On the contrary, he told the Jewish Telegraphic Agency in an interview here, “some of Israel’s problems are going to grow as a result of shrinking borders. United States Jewry has got to understand that our partnership, through the UJA, is not based on war or peace–but on a desire to enhance the quality of Jewish life, both in Israel and in the U.S.”

Loup, a builder from Denver, Colo., sees Project Renewal as becoming increasingly focal in UJA compaigning. It represents, he said, “the opportunity for our generation, for those who were not able to contribute towards Israel’s birth, to be part of Israel’s rebirth.”

The twinning of diaspora communities with target areas in Israel — city suburbs or development towns–“gives a connection that we haven’t had before between Jews in Israel and abroad… people in the U.S. and elsewhere becoming deeply involved…are meeting and working with Israelis directly,” Loup said.

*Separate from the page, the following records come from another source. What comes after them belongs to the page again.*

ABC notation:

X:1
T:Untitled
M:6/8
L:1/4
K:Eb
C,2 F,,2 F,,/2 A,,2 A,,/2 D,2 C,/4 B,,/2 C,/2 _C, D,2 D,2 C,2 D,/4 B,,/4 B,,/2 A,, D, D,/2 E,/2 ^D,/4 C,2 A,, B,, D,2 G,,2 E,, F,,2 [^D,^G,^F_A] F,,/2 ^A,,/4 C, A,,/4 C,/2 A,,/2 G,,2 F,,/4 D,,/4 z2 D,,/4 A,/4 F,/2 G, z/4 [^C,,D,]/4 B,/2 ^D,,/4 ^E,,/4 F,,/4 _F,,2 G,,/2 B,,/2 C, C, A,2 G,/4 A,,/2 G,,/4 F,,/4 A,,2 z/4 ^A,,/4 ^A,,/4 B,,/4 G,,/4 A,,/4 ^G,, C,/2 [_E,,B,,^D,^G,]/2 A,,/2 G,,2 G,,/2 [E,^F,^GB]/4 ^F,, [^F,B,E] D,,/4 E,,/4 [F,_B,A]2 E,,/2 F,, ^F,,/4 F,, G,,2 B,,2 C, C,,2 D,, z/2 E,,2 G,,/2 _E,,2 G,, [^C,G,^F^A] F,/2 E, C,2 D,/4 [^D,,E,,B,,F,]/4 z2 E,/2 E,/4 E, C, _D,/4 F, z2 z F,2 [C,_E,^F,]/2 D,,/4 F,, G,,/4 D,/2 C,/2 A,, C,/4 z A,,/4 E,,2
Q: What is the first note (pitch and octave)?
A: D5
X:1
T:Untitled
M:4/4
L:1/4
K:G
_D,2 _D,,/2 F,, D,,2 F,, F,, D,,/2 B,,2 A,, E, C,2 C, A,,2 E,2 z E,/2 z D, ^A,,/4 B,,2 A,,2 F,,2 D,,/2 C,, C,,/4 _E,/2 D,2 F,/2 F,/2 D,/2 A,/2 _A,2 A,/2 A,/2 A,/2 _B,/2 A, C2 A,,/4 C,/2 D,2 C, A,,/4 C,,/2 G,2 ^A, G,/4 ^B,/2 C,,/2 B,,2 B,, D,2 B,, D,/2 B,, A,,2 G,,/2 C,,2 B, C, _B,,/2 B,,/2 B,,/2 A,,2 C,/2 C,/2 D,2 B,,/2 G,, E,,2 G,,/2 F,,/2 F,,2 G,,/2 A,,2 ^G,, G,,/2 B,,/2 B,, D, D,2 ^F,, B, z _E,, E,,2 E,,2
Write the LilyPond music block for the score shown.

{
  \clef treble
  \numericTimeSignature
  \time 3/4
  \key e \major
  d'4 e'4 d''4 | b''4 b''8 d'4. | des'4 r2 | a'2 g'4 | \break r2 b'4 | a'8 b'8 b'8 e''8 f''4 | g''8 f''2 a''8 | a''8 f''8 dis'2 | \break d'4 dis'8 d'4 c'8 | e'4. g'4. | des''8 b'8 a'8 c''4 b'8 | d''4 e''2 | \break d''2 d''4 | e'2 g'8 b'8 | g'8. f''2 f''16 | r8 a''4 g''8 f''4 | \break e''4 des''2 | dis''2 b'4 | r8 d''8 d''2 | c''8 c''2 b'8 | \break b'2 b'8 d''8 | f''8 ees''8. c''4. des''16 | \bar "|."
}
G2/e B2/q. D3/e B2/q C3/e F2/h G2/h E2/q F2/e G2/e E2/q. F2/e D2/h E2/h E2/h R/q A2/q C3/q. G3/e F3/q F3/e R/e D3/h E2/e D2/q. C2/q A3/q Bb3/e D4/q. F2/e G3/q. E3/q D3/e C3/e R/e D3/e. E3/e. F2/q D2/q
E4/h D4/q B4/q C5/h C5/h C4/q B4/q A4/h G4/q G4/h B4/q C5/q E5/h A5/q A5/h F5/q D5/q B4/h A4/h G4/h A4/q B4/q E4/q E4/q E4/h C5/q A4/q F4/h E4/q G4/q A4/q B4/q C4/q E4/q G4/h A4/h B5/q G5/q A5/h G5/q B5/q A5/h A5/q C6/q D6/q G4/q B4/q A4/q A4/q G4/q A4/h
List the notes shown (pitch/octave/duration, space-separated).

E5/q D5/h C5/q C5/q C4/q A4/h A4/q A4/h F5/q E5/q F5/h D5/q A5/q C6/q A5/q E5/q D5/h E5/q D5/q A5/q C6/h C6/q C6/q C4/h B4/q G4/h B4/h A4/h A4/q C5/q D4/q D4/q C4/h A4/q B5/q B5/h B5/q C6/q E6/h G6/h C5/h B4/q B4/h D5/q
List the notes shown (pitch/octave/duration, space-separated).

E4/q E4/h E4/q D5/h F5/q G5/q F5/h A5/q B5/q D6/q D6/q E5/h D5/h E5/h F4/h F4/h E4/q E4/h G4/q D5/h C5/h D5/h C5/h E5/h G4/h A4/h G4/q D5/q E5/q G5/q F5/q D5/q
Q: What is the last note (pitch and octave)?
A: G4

TURNED ON ABOUT PROJECT RENEWAL

Project Renewal is moving forward now after years of teething pains usually ascribed to the Israeli bureacracy. Loup said the UJA side of the operation was not blameless, either. “It look us time to get our act together,” he remarked.

Now, however, UJA missions are coming back “very turned on about Project Renewal,” and the UJA’s efforts are directed at getting this enthusiasm on the part of people who have visited and seen with their own eyes transmitted to the broader American community.

He stressed that UJA’s basic policy is still not to accept pledges for Project Renewal that could come as a substitute for regular UJA giving. In practical terms that means that a contributor’s Project Renewal gift will not be accepted unless a pledge is first made to the current campaign–and that gift is in line with past years’ giving.

Loup acknowledged that UJA went through a weak patch during the mid and late 1970’s (after the Yom Kippur War year high) when receipts were not matching inflationary increases. But recent years have seen enormous efforts invested, he said, and the results are good and getting better. The latest projection for the 1982 campaign is that it will bring in some $580 million, Loup said.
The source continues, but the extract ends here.